__WHAT THE TASK REQUIRES__:
Give an exact copy of the line that has "D23_Quần jean nữ, dài, lưng" and of every line below it, through the last, with nothing else.

__DATA FOR THE TASK__:
====

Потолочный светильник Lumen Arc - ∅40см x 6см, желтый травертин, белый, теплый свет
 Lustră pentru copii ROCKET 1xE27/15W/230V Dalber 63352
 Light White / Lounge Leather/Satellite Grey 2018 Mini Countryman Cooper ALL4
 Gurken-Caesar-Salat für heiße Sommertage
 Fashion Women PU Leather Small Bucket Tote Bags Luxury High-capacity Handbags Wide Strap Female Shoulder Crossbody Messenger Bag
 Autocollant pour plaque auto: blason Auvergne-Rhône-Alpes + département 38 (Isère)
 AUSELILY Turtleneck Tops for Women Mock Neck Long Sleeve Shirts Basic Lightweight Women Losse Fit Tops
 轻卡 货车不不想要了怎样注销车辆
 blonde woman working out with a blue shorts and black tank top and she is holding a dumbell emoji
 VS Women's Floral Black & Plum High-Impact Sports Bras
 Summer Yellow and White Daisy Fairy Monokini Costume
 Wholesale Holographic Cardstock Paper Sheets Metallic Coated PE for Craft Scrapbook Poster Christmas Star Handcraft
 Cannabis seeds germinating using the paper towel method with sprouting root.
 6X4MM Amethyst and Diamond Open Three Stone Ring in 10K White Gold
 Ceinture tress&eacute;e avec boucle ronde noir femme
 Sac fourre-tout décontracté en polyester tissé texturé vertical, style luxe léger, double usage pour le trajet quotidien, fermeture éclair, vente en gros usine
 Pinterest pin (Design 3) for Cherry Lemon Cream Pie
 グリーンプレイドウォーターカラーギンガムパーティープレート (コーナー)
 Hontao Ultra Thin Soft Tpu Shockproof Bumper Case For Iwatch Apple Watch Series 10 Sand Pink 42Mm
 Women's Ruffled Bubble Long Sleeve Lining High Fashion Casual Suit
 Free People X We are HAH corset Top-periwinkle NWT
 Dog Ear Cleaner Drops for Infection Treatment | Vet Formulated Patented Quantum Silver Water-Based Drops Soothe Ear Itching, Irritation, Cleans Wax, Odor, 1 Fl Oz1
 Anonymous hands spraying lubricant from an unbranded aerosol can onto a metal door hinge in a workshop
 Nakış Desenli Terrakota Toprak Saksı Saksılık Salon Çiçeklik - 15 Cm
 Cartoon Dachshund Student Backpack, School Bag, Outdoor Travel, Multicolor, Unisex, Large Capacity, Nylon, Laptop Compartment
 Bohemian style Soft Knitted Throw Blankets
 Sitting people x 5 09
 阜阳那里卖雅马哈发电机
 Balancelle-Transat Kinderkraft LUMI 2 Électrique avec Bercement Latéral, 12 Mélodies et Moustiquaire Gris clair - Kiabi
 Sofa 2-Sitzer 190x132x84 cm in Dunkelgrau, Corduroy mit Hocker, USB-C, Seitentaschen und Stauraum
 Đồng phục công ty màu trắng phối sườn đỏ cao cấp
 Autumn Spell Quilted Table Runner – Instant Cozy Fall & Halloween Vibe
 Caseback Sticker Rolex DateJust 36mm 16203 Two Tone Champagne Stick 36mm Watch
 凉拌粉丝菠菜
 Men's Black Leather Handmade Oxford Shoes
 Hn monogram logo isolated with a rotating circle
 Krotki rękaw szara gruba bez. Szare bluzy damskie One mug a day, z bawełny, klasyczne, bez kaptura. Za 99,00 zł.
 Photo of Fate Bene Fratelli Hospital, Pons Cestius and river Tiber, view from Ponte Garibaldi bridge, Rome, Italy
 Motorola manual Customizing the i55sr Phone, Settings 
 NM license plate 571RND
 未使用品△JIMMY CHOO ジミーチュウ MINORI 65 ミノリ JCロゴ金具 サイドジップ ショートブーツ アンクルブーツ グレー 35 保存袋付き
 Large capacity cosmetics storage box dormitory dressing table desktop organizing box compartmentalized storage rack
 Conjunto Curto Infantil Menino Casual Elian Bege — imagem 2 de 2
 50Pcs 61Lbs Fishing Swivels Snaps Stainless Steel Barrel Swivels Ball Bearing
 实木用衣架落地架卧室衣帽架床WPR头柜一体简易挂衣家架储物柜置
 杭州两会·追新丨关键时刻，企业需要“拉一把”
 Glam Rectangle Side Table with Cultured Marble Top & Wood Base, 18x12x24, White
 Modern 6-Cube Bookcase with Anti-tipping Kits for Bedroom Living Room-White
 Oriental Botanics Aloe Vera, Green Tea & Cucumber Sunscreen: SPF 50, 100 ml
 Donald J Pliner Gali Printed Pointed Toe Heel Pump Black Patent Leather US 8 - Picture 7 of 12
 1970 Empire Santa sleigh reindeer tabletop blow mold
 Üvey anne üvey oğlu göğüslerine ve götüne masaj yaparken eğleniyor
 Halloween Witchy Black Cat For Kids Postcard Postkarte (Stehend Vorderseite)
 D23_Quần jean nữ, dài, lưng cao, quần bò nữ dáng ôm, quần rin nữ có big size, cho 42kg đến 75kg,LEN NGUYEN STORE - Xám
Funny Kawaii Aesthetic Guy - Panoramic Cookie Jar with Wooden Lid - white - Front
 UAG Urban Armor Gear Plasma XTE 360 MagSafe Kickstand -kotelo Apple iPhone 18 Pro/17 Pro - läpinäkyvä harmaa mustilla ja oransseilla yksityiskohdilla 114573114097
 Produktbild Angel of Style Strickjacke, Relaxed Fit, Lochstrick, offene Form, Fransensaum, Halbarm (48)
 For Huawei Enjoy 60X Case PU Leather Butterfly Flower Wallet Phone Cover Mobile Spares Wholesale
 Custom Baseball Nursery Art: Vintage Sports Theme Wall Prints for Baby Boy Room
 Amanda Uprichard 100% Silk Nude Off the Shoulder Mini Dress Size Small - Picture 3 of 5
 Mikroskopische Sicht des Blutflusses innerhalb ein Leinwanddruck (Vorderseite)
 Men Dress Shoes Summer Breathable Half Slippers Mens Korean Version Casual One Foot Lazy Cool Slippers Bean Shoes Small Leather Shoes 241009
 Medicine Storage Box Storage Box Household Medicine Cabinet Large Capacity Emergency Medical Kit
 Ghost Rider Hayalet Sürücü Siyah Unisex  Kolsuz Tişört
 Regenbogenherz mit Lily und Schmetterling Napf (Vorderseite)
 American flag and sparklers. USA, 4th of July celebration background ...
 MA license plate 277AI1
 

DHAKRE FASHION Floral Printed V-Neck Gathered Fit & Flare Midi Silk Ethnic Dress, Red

====

__WRITTEN ANSWER__:
 D23_Quần jean nữ, dài, lưng cao, quần bò nữ dáng ôm, quần rin nữ có big size, cho 42kg đến 75kg,LEN NGUYEN STORE - Xám
Funny Kawaii Aesthetic Guy - Panoramic Cookie Jar with Wooden Lid - white - Front
 UAG Urban Armor Gear Plasma XTE 360 MagSafe Kickstand -kotelo Apple iPhone 18 Pro/17 Pro - läpinäkyvä harmaa mustilla ja oransseilla yksityiskohdilla 114573114097
 Produktbild Angel of Style Strickjacke, Relaxed Fit, Lochstrick, offene Form, Fransensaum, Halbarm (48)
 For Huawei Enjoy 60X Case PU Leather Butterfly Flower Wallet Phone Cover Mobile Spares Wholesale
 Custom Baseball Nursery Art: Vintage Sports Theme Wall Prints for Baby Boy Room
 Amanda Uprichard 100% Silk Nude Off the Shoulder Mini Dress Size Small - Picture 3 of 5
 Mikroskopische Sicht des Blutflusses innerhalb ein Leinwanddruck (Vorderseite)
 Men Dress Shoes Summer Breathable Half Slippers Mens Korean Version Casual One Foot Lazy Cool Slippers Bean Shoes Small Leather Shoes 241009
 Medicine Storage Box Storage Box Household Medicine Cabinet Large Capacity Emergency Medical Kit
 Ghost Rider Hayalet Sürücü Siyah Unisex  Kolsuz Tişört
 Regenbogenherz mit Lily und Schmetterling Napf (Vorderseite)
 American flag and sparklers. USA, 4th of July celebration background ...
 MA license plate 277AI1
 

DHAKRE FASHION Floral Printed V-Neck Gathered Fit & Flare Midi Silk Ethnic Dress, Red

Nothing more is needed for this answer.